Роман повернулся, увидел тусклый, расплывчатый свет прожектора, который, мигая, пробивался через снежные заряды. Не требовалось много времени для того, чтобы разобрать слова: «Я «Оушен Войс», я «Оушен Войс». Как ваше состояние?» Это было так неожиданно, что Роман сначала усомнился, нет ли здесь подвоха, но быстро отбросил подозрения. Подпись «О’Конор» развеяла сомнения. Через несколько минут суда сблизились настолько, что можно было разговаривать. На мостике в зеленой канадке и лихо сдвинутой на затылок фуражке, улыбаясь во весь рот, стоял Патрик О’Конор, а рядом с ним набилась в узкий проход свободная от вахты команда.
— Хелло, Ром! Как ваши дела? — закричал О’Конор. — Можете двигаться самостоятельно или взять на буксир?
Роман, не отвечая на вопрос, крикнул в мегафон:
— Как вы очутились здесь, Патрик? Что-нибудь случилось?
— Все в порядке. Думали, если вам придется плохо, мы заберем вас к себе.
— Спасибо, Патрик. Но ведь «старик» не простит вам такого самовольства.
Американец захохотал.
— Я сообщил, что у меня машина не в порядке и пароход не может выдерживать скорость конвоя. Он выругался и приказал двигаться самостоятельно. А какова моя банда? — О’Конор с гордостью хлопнул по плечу кого-то из своих матросов. — Как один просили подождать «Гурзуф»… Так можете двигаться самостоятельно?
— Да, конечно.
— Тогда вперед. Торчать здесь не следует. Я буду держаться рядом. До встречи в Мурманске. Следуем рекомендованными курсами.
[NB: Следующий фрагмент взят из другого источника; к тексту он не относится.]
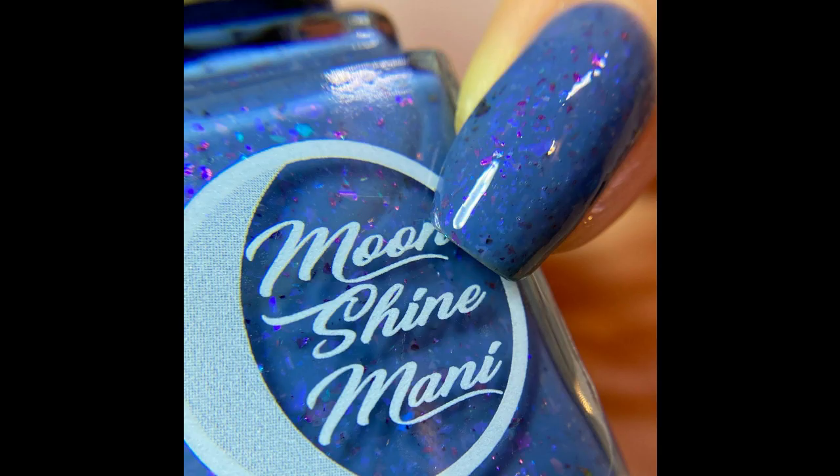A good dusty blue shade can carry you through the entire year — it really doesn't have a season. If you're into deeper, calming shades, this would be perfect.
Роман услышал, как на «Оушен Войс» зазвонил телеграф. Американец прибавил ход.
— Неужели нарочно отстали из-за нас? — спросил рулевой, когда капитан вошел в рубку.
— Из-за нас.
— Молодцы! Вот ребята! — восхитился рулевой, поворачивая штурвал.
Люди повеселели. Чувство одиночества исчезло.
Снег пошел гуще. От воды пополз туман. Израненный «Гурзуф» бодро шел, выжимая свои двенадцать миль. Роман постоял несколько минут на мостике. Если продержится тихая погода и стармех не сбавит оборотов, они за сутки пройдут опасный район. Капитан передал командование третьему штурману. Очень хотелось спать. Он снова устроился на коротком диване в рубке. Глаза слипались. Капитан увидел Снеткова, склонившегося над картой, хотел сказать ему, чтобы он постоял на вахте вместе с третьим, но глаза закрылись, и он заснул.